▸ Activity: Set down the full listing below word for word; pictures stay out of the copy.

━━━━━ Data extract

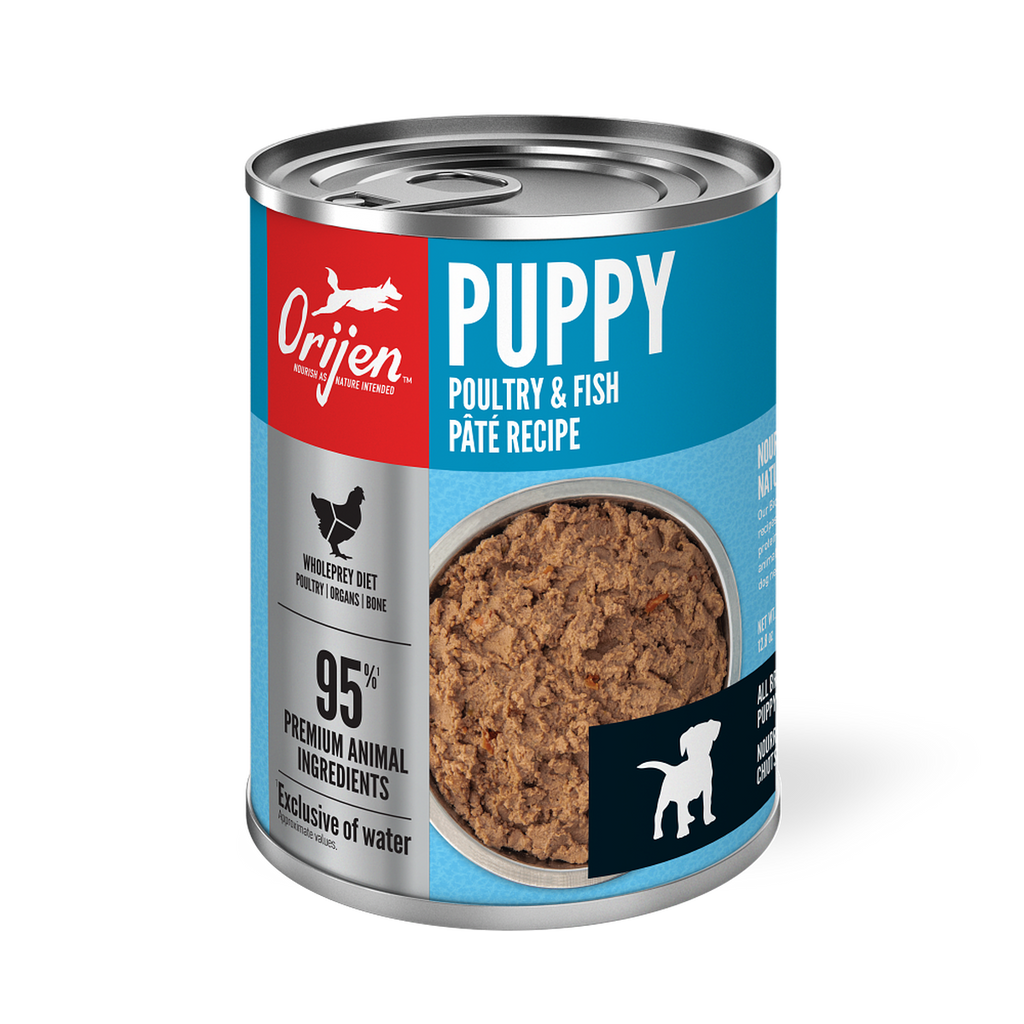 ORIJEN Dog Puppy Poultry and Fish Pate wet dog food 363g cans case of 12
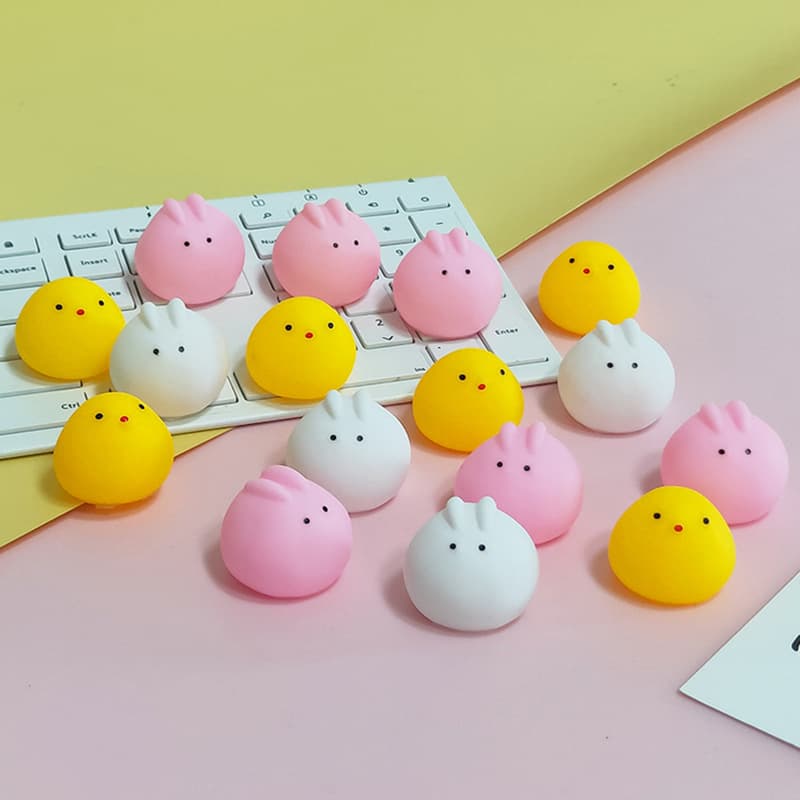 Slime fofo, brinquedo engraçado para banho, coelho branco, antiestresse, faz sons - imagem 2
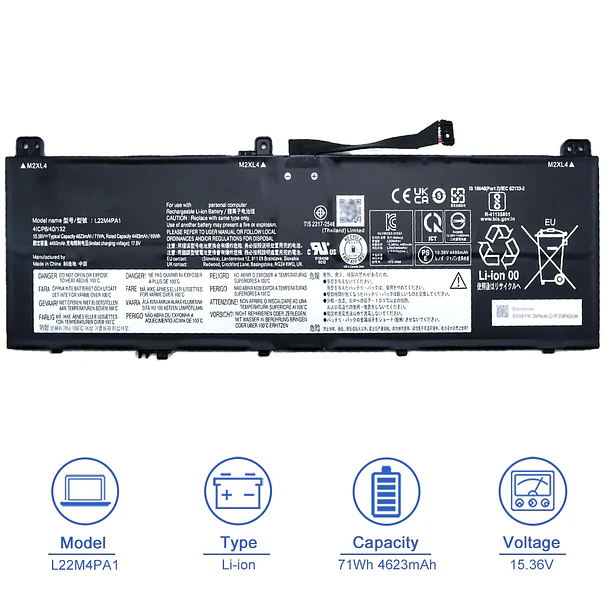 Batería de Repuesto L22M4PA1 para Lenovo Yoga 7 14IRL8 16ARP8 14ARP8 16IRL8 Yoga 7 2-in-1 - JOTACT 2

━━━━━━━━━━

▸ Answer box:
 ORIJEN Dog Puppy Poultry and Fish Pate wet dog food 363g cans case of 12
 Slime fofo, brinquedo engraçado para banho, coelho branco, antiestresse, faz sons - imagem 2
 Batería de Repuesto L22M4PA1 para Lenovo Yoga 7 14IRL8 16ARP8 14ARP8 16IRL8 Yoga 7 2-in-1 - JOTACT 2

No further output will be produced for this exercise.